From the second of August 09:00 (UTC) until the third of August 15:00 (UTC) almost none of the scheduled Swydo reports were automatically sent. We were able to sent them all with a delay, but we like to explain what happened and how we’ll prevent this in the future.
On Saturday all monthly reports were sent as usual. On Sunday though, our Redis database provider (which holds our queue with all the reports that need to be sent) had some maintenance. We knew that this was coming, but it shouldn’t have affected our application. But it did. They changed their implementation in such a way that our queue could no longer handle the scheduled reports. The reports were queued, but not executed, meaning: No reports were sent.

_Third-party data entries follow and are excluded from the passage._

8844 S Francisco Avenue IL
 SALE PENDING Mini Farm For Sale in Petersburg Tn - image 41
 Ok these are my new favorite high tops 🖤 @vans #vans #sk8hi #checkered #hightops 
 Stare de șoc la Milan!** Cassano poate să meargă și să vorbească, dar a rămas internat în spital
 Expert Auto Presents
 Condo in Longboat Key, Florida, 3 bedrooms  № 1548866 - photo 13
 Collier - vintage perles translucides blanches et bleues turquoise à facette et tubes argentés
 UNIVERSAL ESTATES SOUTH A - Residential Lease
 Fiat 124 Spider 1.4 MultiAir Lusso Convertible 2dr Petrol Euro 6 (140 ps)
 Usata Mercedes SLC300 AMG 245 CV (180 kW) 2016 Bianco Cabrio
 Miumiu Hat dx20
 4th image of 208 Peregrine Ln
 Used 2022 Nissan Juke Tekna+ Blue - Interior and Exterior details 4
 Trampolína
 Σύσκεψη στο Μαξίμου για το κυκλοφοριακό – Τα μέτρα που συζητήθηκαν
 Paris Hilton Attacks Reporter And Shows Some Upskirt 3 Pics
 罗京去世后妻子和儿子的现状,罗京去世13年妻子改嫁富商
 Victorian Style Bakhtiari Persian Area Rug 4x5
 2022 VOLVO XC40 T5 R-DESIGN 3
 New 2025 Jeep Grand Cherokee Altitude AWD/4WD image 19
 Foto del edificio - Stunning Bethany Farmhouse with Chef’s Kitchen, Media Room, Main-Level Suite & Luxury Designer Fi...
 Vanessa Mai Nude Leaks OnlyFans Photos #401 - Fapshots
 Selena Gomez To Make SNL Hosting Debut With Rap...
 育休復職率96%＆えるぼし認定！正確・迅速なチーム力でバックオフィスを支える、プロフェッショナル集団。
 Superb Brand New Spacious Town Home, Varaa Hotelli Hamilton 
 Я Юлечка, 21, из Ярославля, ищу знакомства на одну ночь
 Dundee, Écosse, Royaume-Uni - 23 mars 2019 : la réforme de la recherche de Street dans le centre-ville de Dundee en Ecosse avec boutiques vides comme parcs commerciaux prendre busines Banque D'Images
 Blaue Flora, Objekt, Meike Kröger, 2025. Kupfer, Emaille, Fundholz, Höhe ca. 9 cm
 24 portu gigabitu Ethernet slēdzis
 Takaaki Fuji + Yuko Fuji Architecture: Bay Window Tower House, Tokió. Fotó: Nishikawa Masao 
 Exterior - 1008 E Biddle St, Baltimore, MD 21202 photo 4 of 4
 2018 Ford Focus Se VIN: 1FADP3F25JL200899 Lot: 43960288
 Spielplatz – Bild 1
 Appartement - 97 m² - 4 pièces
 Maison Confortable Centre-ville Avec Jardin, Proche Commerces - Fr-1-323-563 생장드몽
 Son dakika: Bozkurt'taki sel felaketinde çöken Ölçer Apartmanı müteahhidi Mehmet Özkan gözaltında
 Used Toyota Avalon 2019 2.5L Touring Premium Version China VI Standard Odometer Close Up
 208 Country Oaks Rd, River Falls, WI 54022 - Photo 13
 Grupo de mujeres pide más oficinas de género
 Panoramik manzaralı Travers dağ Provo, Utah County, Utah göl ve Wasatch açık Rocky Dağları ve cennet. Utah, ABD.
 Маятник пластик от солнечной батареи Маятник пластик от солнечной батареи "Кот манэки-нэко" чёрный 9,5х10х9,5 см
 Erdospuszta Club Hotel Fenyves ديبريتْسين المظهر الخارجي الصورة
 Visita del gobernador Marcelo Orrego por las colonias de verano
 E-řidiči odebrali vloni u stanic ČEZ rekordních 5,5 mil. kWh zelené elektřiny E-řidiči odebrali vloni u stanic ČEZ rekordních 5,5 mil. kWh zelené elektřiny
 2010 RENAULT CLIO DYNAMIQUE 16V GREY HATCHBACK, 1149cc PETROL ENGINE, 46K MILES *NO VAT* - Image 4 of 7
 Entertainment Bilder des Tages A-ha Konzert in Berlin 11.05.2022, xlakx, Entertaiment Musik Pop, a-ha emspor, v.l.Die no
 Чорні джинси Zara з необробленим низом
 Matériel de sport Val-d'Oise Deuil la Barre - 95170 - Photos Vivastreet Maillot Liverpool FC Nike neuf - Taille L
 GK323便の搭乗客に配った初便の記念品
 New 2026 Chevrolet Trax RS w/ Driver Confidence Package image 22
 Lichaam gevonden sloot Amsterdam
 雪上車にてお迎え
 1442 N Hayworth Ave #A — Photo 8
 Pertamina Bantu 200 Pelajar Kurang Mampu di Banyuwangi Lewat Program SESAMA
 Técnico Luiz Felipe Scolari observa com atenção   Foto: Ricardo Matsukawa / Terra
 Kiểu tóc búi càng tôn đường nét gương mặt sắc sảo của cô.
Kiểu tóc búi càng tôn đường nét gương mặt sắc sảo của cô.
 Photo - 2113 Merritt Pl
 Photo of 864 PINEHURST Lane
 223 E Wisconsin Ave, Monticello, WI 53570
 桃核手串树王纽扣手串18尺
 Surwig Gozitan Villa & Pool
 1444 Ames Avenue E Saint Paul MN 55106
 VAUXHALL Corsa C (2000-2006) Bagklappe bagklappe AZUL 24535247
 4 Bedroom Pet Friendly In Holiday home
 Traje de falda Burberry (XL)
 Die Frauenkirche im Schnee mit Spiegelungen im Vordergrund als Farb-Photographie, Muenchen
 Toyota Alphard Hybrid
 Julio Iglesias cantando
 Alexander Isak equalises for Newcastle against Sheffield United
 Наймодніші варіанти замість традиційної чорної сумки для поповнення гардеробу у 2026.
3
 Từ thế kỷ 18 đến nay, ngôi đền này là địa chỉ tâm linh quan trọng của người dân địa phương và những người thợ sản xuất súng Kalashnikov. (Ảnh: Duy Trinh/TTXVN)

What did we do to resolve it?
Our top priority was getting those reports out as soon as possible so that our customers would receive them anyway. However, that took longer than we expected. After some serious debugging and wondering how things could go wrong without us releasing a new version we found out the issue was caused by maintenance of our database provider. After many support phone calls with our provider without getting a clear solution we decided to start a new queue database at a different provider. We quickly found one that did work properly and got everything up and running again.
What did we do to prevent further incidents?
Database maintenance is a very normal thing. Usually we do not have any issues with it. But our provider drastically changed their implementation causing this failure. We moved to a different provider which we think will be more consistent and clear in it’s communication. We also changed our own implementation in such a way that we can quickly switch to another Redis database in the future. This will help us to migrate quickly in case of emergencies.
Where did we go wrong?
It’s easy to point at the database provider, but that doesn’t mean we couldn’t have prevented this or at least have reacted sooner on the issues. We didn’t have any queue monitoring in place to notify us about reports not being sent when they did enter the queue successfully. We should have that. When schedules fail to execute we should simply be notified about it.
What will we do to prevent further incidents
- Monitor the queue to get notified in time when tasks aren’t picked up
- Have a second Redis provider to quickly switch to in case of serious Redis issues
We are very sorry for the inconvenience that this caused to our customers and we will continue to improve our software to reduce these incidents to a minimum.
Michiel ter Reehorst